Brown failed, as everyone knows, but “his truth goes marching on” and that truth is that slavery is an evil that no civilized people should accept. That so many in the South believed that blacks were actually happy in their bondage only goes to show how easily we can blind ourselves. This of course is exactly the problem of the supporters of the Confederate flag today who claim it’s just a harmless symbol of Southern heritage, like the Eiffel Tower is to the Parisian. They have failed to see the other side’s point that the flag is the symbol of white supremacy. We see what we want to see until we have it rubbed in our face.
The Harpers Ferry raid is a great subject for a humanities class. When we think about Brown’s goal of ending slavery, we applaud, but was he right to use arms to attain that goal? Is it ever right to take up arms against a government that systematizes harm to a portion of its people?
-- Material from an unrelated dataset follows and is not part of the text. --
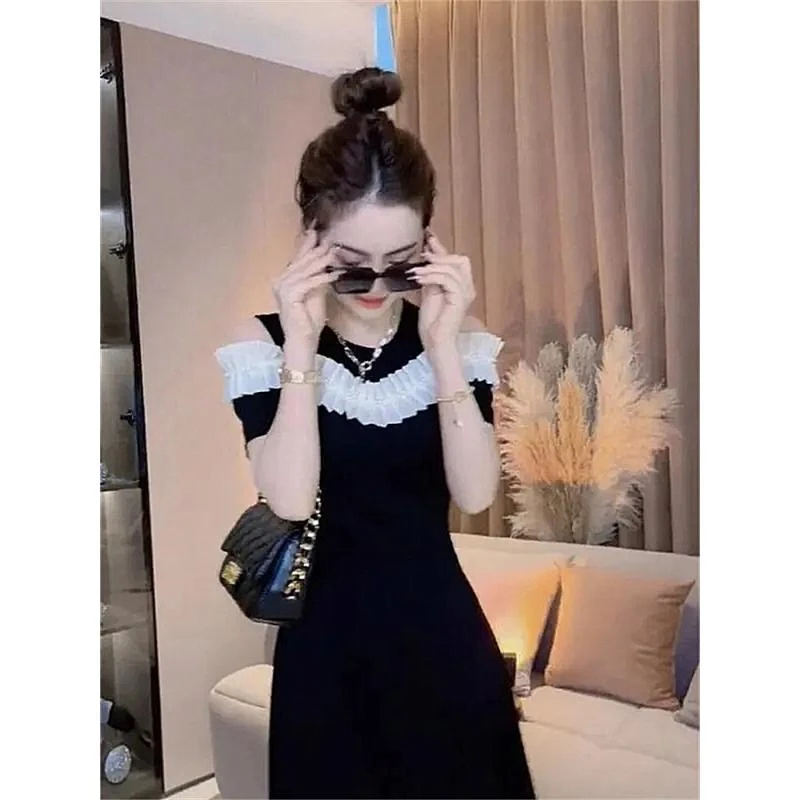 荷叶边时尚穿搭连衣裙女2025夏季新款洋气显瘦百搭中长款露肩裙子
And not just harm—rape, torture, and a thousand sources of mental anguish, including ruthlessly tearing families apart? What alternatives were there? What if Brown’s raid had succeeded and the slaves had come rushing to him for arms as he hoped, then marched south either killing their masters or making them flee until the whole South was liberated? Would those deaths have been justified, in the face of the daily torture and death slaves endured at that time?
According to the show, Brown believed in the end that God had not betrayed him, that by making him a martyr He was gearing the North up to complete the work of freeing the slaves. It would be wonderful if, 150 years later, we could say we are free from this kind of thinking, but no, we see it more than ever….in the maelstrom that used to be called the Middle East where all the warring factions in all the warring countries are convinced that God is on their side, in the Vatican of course where God speaks to the pontiff and prelates, telling these men exactly what is right and wrong, and in our own country where half the country is convinced that they know what God wants of us.